It is six months since the last update and we have made a great deal of progress due to good weather in the late autumn and the bonus of Jon Reid joining the team.
The first step was to complete the hull and she is now fully caulked and stopped with mastic. She will be left like that till the spring for the stopping to harden off before final fairing and painting.
Caulking wasn’t easy. In an ideal world the plank edges should be bevelled such that edges form a wedge into which you can drive the caulking – and the gap shouldn’t be too big. A glance at the photograph below shows that the gaps were generous and that there wasn’t much bevel. It was all too easy to drive the caulking straight through, which defeats the object of the exercise.

Wide gaps between the planks to be caulked.
After some professional advice we caulked gently and with great care and are hopeful that the stopping and internal paint will hold everything in place till the hull takes up and the gaps reduce. If not, there is going to be a lot of pumping!

Caulking cotton in place ….

……and gently driving the caulking home.
They say that boat builders are like economists; when you put two together you get three conflicting opinions. That was certainly the case over stopping the caulked seams. There were advocates for traditional white lead and putty, for modern polymer mastics and for a range of other materials. We had to take into account that the hull is going to settle and move when she is afloat and the timbers are going to take up as the moisture level rises. So it is certain that she will need a new paint job after the first season and there was not much point in paying for expensive stopping, which would need redoing. So we opted for a cheap oil based mastic out of the local builders merchant.

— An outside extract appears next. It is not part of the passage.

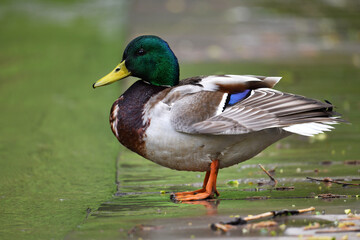 Obraz premium beautiful bird in the forest in natural conditions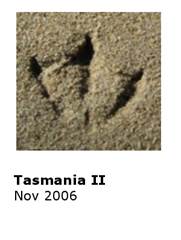 0611 Tasmania 2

Fully stopped seams ready for final fairing and painting.
We then fitted the rudder and installed the lower bearing block which is a bronze casting faired into the back of the keel. A second bronze casting forms the base of the rudder and a pintle and nylon thrust washer form the lower rudder bearing.

The lower rudder bearing assembly
We lowered Dione back to ground level and painted the inside of the hull with primer, undercoat and two coats of gloss paint.

The newly painted interior.
We had already done a trial fit of the deck panels when aligning the deck beams. It was now time to fit them permanently and we screwed and nailed the panels to the deck beams leaving an accurately cut 35mm strip round the deck edge for the varnished mahogany covering boards.

The newly fitted deck and ……..

…..the after deck in primer showing the rudder head fitting.

The rudder head fitting in detail.
Procuring custom made metal fittings, particularly high quality bronze, is a problem for classic boat restorers. So we are very grateful to the Drysdale Brothers foundry in Larbert, who donated the rudder castings along with the mast ring and bow fairlead fittings.
We have now cut the covering boards and they will be fitted shortly, followed by the cockpit coamings and cuddy. At this point the Dione restoration will be structurally complete and all that will remain to do is final finishing, fitting of deck hardware and sorting out the mast and rig.
So far some 1200 man hours have gone into the project including the original construction of the shed. Dione will have her third birthday at Rowmore Cottage on 31 January 2017 and we expect that she will be afloat in the summer.